Resistance in onychomycosis is not as common as antibiotic resistance in bacteria. However, doctors should stay alert. It’s important to know that non-dermatophyte molds can be “resistant.” This means that terbinafine or itraconazole may not work well against them. Identifying the organism can help choose a better treatment. For example, Scopulariopsis often does not respond to terbinafine. Candida nail infections may respond better to itraconazole or fluconazole instead.
Preventing recurrence (and initial infection) is a key part of management that podiatrists should emphasise to patients. Important prevention strategies include:
Prevention Strategy | Details |
---|---|
Foot hygiene | Wash feet daily and dry thoroughly, especially between toes. Prevents athlete’s foot, which can lead to fungal nail infections. |
Avoiding exposure | Wear flip-flops or sandals in damp public areas (gyms, pools, locker rooms). These environments often harbour dermatophytes. |
Proper footwear and socks | Use breathable shoes and moisture-wicking socks. Change socks daily. Consider antifungal sprays or powders for shoes, especially if feet sweat heavily or there’s a history of infection. |
Nail care | Trim nails regularly and avoid trauma. Don’t cut too short. Disinfect nail tools if infected. Ensure salons sterilise equipment to prevent cross-infection. |
Treat athlete’s foot promptly | Use antifungal creams at the first signs of tinea pedis (itchy, scaly skin). Skin fungus often spreads to nails if not treated. |
Post-treatment prophylaxis | After treatment, apply a topical antifungal weekly to prevent reinfection. E.g. amorolfine lacquer or OTC creams used preventatively after oral antifungal treatment. |
Regular monitoring | Especially important for high-risk groups (e.g. older adults with diabetes). Regular checks can catch early fungal signs and allow quick treatment. |
By teaching patients about these preventive steps, podiatrists can help keep feet fungus-free after treatment. This may also stop new infections. Prevention is truly an ongoing effort – onychomycosis can recur, but vigilance in foot care can greatly mitigate the risk.
Conclusion
Fungal nail infections are a globally prevalent problem that can be persistent and frustrating for both patients and clinicians. Understanding the causes and effects of onychomycosis is important for good management. This explains why treatment can take a long time and why it often comes back. Fortunately, there are multiple treatment options available.

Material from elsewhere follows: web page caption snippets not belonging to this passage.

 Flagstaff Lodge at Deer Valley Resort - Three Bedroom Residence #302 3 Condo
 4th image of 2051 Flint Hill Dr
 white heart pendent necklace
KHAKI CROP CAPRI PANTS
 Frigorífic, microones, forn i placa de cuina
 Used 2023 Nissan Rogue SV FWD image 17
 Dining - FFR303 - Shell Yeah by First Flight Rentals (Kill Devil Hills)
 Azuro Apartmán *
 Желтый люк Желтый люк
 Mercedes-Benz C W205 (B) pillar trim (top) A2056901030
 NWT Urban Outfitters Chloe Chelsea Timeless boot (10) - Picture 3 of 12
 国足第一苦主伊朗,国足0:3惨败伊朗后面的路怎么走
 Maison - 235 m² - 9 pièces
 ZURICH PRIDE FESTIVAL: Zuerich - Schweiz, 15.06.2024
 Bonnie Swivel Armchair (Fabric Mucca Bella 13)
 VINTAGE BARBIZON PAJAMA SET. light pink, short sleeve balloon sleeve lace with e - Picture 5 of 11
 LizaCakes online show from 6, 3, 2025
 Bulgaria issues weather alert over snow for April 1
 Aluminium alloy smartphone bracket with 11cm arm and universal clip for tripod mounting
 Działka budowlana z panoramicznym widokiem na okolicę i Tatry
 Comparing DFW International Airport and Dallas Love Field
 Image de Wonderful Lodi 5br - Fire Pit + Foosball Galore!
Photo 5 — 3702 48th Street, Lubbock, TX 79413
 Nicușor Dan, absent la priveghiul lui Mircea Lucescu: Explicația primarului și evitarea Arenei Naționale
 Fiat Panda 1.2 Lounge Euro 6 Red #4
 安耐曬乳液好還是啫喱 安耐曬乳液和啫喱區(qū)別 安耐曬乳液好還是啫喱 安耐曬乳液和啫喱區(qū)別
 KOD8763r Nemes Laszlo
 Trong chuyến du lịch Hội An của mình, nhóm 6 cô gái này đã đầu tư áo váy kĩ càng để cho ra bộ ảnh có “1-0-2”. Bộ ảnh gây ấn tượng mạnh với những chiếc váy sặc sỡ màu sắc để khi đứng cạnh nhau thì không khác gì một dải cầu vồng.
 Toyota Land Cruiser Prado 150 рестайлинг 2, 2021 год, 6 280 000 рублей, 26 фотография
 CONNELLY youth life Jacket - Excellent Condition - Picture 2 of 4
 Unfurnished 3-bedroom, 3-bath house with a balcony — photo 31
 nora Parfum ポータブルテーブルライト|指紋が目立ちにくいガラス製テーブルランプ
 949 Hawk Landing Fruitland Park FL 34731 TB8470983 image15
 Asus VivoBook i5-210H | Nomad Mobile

Oral antifungal medications are key for getting the best cure rates, especially for severe infections. Topical treatments are a safer, though less strong, option for milder cases or ongoing care. New technologies like laser and photodynamic therapy provide new options. This is especially true for patients who cannot take systemic drugs. However, their role is still being defined.
Moreover, accessible home remedies have a place in patient care when used with realistic expectations and proper guidance. Each approach has pros and cons regarding effectiveness, safety, cost, and convenience. These factors must be balanced with the patient in mind. This often happens through shared decision-making between the podiatrist (or dermatologist) and the patient.
For podiatrists, it is important to stay updated with current research and guidelines, as onychomycosis management continues to evolve. Patient education is very important. It helps explain why treatment takes time. It also shows why sticking to the plan is crucial. Finally, it teaches how to prevent reinfection. All these steps are key to a successful outcome.
A complete plan that includes therapy, extra treatments, and preventive care can help manage tough fungal nail infections. This can lead to clearer nails and a better quality of life for patients.
Sources: Peer-reviewed studies, clinical guidelines, and expert reviews were referenced in compiling this report, including Cochrane reviews, dermatology association guidelines, and recent meta-analyses and trials on treatments for onychomycosis.